=== Section Start ===

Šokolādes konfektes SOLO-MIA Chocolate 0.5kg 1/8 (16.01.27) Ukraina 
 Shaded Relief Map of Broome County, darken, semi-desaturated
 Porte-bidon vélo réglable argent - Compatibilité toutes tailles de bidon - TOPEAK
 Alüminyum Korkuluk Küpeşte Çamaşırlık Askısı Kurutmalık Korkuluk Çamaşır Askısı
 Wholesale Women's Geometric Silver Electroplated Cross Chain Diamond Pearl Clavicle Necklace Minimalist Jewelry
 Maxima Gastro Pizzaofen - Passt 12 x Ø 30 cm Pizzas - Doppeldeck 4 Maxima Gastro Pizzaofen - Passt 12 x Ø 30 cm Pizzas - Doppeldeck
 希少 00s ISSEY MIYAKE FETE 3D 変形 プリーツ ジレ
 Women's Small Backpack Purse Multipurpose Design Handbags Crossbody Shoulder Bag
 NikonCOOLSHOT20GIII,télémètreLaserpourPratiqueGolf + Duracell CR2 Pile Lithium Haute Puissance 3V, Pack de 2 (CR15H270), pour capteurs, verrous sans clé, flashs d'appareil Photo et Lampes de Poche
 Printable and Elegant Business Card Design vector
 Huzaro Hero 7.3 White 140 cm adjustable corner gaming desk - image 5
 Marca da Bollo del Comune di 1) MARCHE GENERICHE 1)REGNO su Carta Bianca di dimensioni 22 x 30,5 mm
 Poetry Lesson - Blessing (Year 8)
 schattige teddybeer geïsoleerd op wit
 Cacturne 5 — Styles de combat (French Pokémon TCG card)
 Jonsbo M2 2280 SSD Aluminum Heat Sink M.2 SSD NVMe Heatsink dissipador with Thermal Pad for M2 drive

=== Section End ===

WHAT IS NEEDED -
Using the material above, quote the first line and each line after it, stopping at and including the line that holds "Women's Small Backpack".

ANSWER TO THIS TASK -
Šokolādes konfektes SOLO-MIA Chocolate 0.5kg 1/8 (16.01.27) Ukraina 
 Shaded Relief Map of Broome County, darken, semi-desaturated
 Porte-bidon vélo réglable argent - Compatibilité toutes tailles de bidon - TOPEAK
 Alüminyum Korkuluk Küpeşte Çamaşırlık Askısı Kurutmalık Korkuluk Çamaşır Askısı
 Wholesale Women's Geometric Silver Electroplated Cross Chain Diamond Pearl Clavicle Necklace Minimalist Jewelry
 Maxima Gastro Pizzaofen - Passt 12 x Ø 30 cm Pizzas - Doppeldeck 4 Maxima Gastro Pizzaofen - Passt 12 x Ø 30 cm Pizzas - Doppeldeck
 希少 00s ISSEY MIYAKE FETE 3D 変形 プリーツ ジレ
 Women's Small Backpack Purse Multipurpose Design Handbags Crossbody Shoulder Bag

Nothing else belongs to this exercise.